Sam Anderson is an award-winning staff writer for The New York Times Magazine - formerly a book critic for the same. He lives in Beacon, New York. His first book, “Boom Town: The Fantastical Saga of Oklahoma City, its Chaotic Founding... its Purloined Basketball Team, and the Dream of Becoming a World-class Metropolis” was released this summer.
“Boom Town” hops around the fascinating story of Oklahoma’s capital city, which is like zooming in on a sped up story of America with everything that entails: dream attainment and major success for some; land ownership; enormous civic pride perhaps only outmatched by civic confusion; power-struggles; architecture that goes up too fast; solid and stately buildings that get knocked down too soon in the name of progress; the unfortunate truths that generate the necessity for an inspiring civil rights movement; extreme weather, sports, rock and roll, and terror.
Oklahoma City also boasts more than a few events that could safely be called uniquely its own, with one example being: Operation Bongo.

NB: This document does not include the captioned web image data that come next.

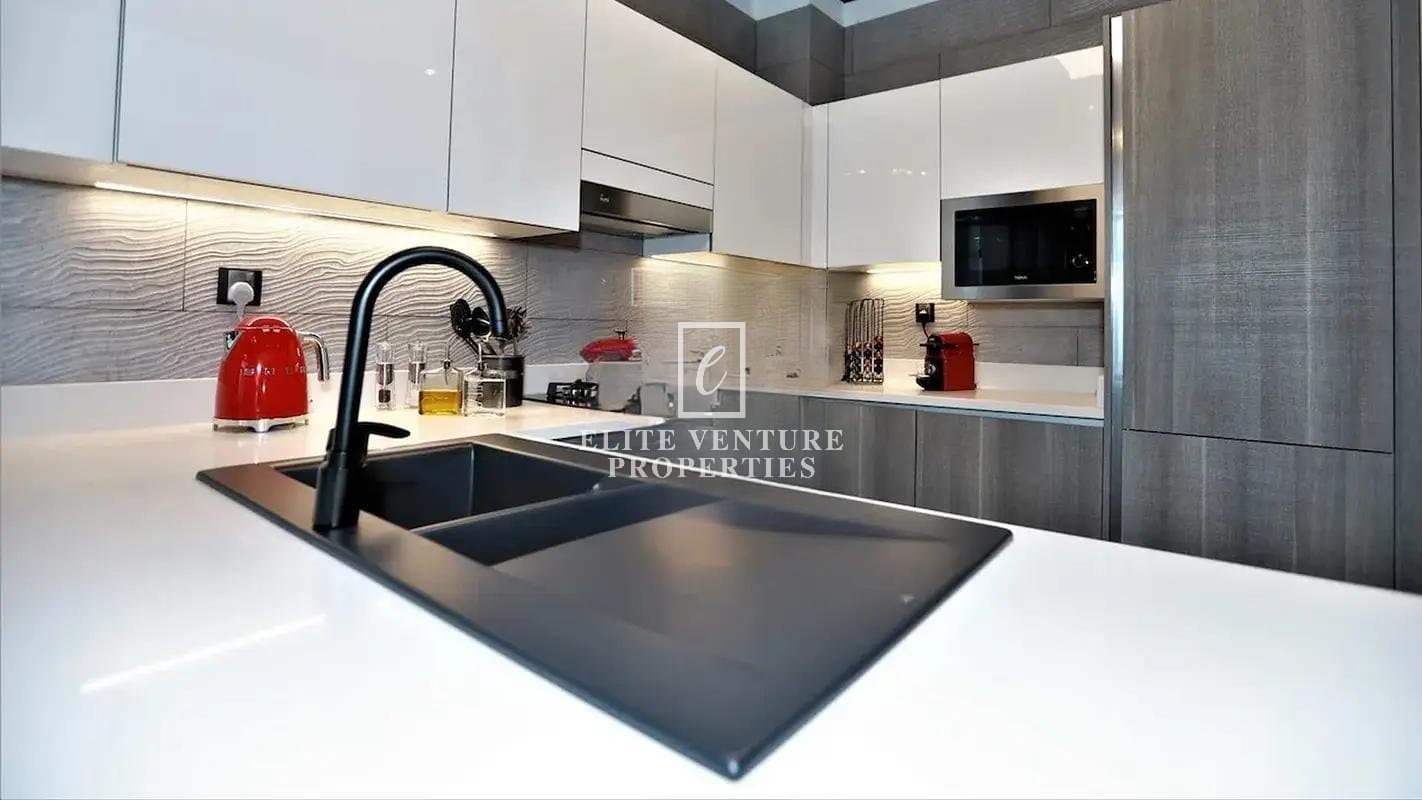 Studio Apartment | Studio | Park View | Near to School | Investor Deal | Motivated Seller in Joya Dorado, Dubai 4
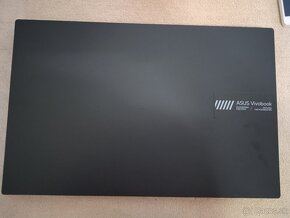 Asus Vivobook GO 15E - 4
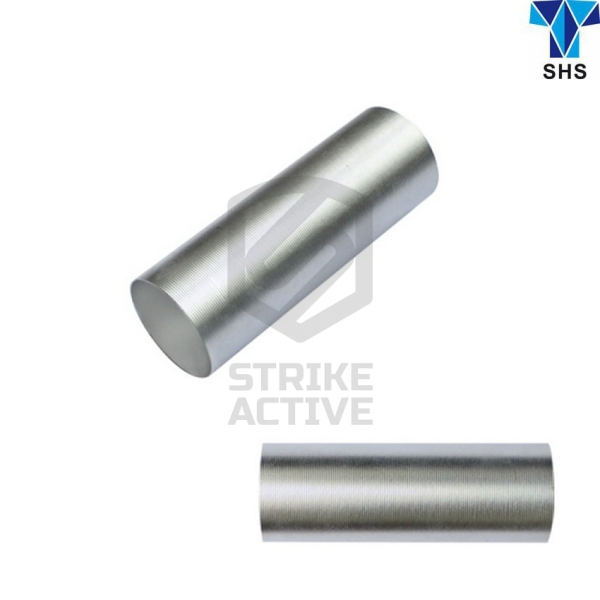 Цилиндр QG0027  Bore-up (SHS)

In 1964, the Federal Aviation Administration used various aircraft to generate sonic booms over OKC to test their effect on structures and public attitude. The public attitude was, largely: “Quit it with the sonic booms.”
Anderson was sent to OKC by The New York Times Magazine to write a splashy feature on the city's NBA team, The Thunder. Luckily for readers, he made a major connection to the place and with the people who live there.